Temps de lecture : 2min40.

       Dans mon article sur la franchise, j’indiquais que, d’une certaine manière, la morale précède le droit. Dit autrement, nous agissons non en vertu des seules lois, mais en premier lieu en vertu de la morale (celle que l’on se fixe dirait Kant, celle du corps social dirait Aristote). Si je ne tue pas mon prochain, c’est non parce que j’ai peur d’être pris, jugé et condamné en vertu du droit, mais bien davantage parce que la morale me l’interdit. Le droit n’est qu’une modalité coercitive de la morale au service du contrat social. Notre société libérale rejette cette idée et fait du droit l’alpha et l’oméga de nos comportements. Tout débat politique et sociétal exige que la notion de morale soit écartée au profit d’une neutralité dont le but est de traiter ladite question sous deux angles : la liberté et l’égalité. Le mariage pour tous, à titre d’exemple, est présenté comme un enjeu de liberté (les couples homosexuels doivent avoir le droit de se marier) et d’égalité (les couples homosexuels doivent avoir les mêmes droits que les couples hétérosexuels). Ce raisonnement, qui écarte l’idée de moral, révèle une faille. C’est que si seules la liberté et l’égalité comptent, pourquoi des personnes désireuses de se marier à plusieurs n’auraient pas le droit de le faire ? Parce que la société n’accepte pas moralement la polygamie. Où l’on voit que la morale ne doit être exclue d’aucune question tant elle en fait partie intégrante.

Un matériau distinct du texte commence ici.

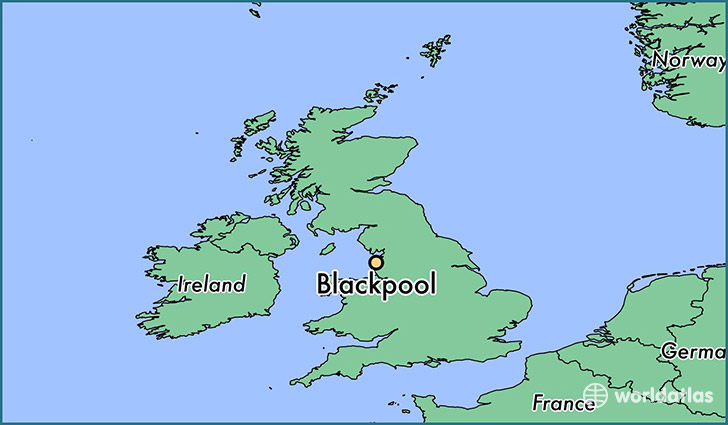map showing the location of Blackpool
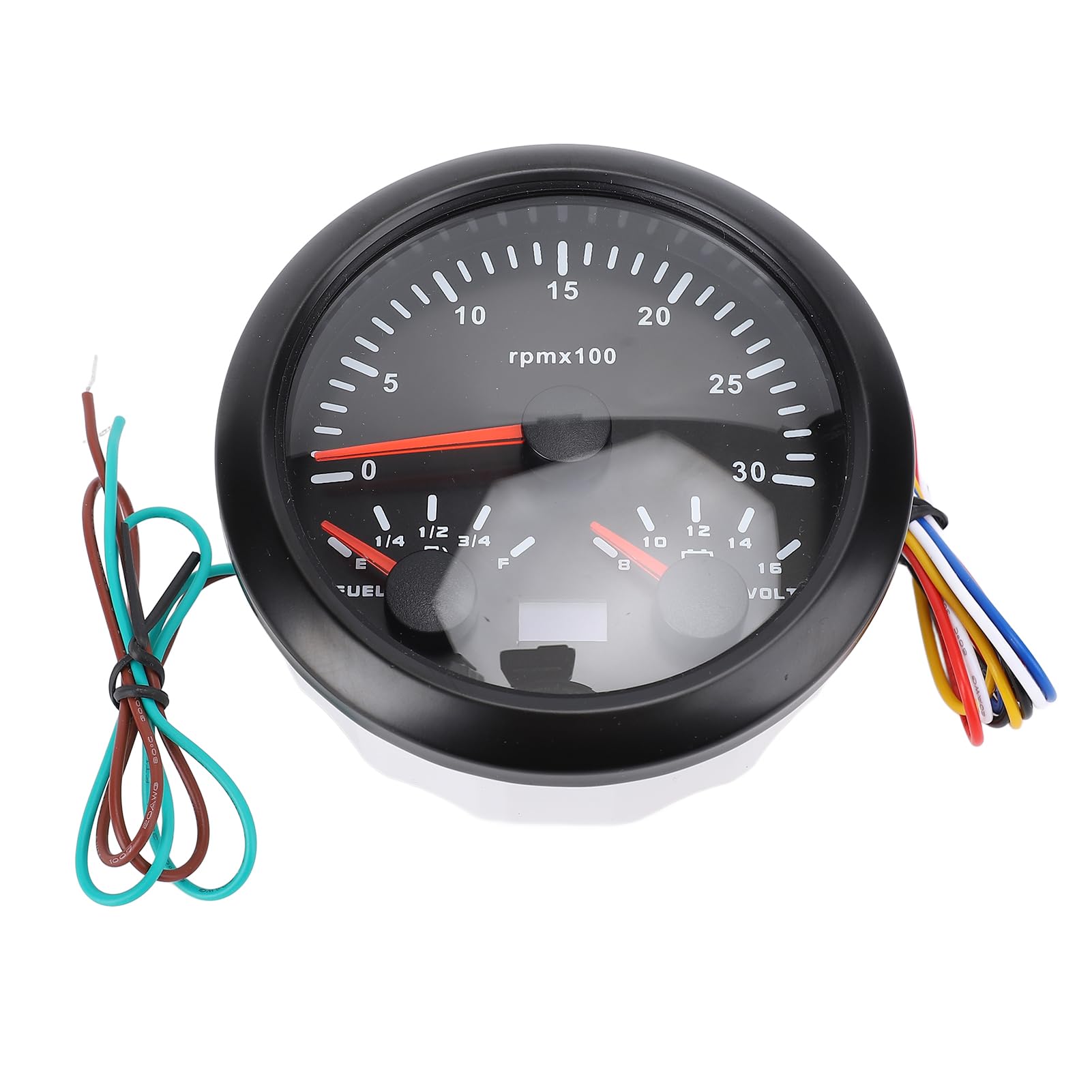 aqxreight 85 Mm Morski Tachometr 85 Mm Tachometr łodzi 3 w 1 Prędkościomierza 3000 Rpm Wskaźnik Napięcia Napięcia z 7 Kolorami Podświetlenie dla Ciężarówki RV Motocykl (aqxreightuap7gvo1th-12)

         Hélas, combien de débats font l’objet de ce poncif lapidaire : « le seul cadre, c’est la loi » ? L’unique principe qui vaille serait que tout ce qui n’est pas interdit est autorisé. L’affaire des chasseurs du Super U de l’Arbresle démontre précisément l’inverse. Ce couple posait fièrement et publiquement sur les réseaux sociaux aux côtés des bêtes sauvages qu’il avait abattues en Afrique. La pratique est pourtant pleinement légale. Rien n’interdit aucun français de partir en Afrique pratiquer la chasse au gibier sauvage. En théorie, les mêmes qui expliquent que le mariage pour tous ou encore le port du voile sont des pratiques qui ne doivent être discutées que relativement à la loi, devraient donc accepter sans sourciller que ce couple de chasseurs aille tuer des léopards ou des hippopotames. Or, l’affaire a généré une vague unanime d’indignation, à tel point que l’enseigne U a été contrainte de se séparer du couple. C’est donc au nom de la morale, et non du droit, que la sanction a été prononcée.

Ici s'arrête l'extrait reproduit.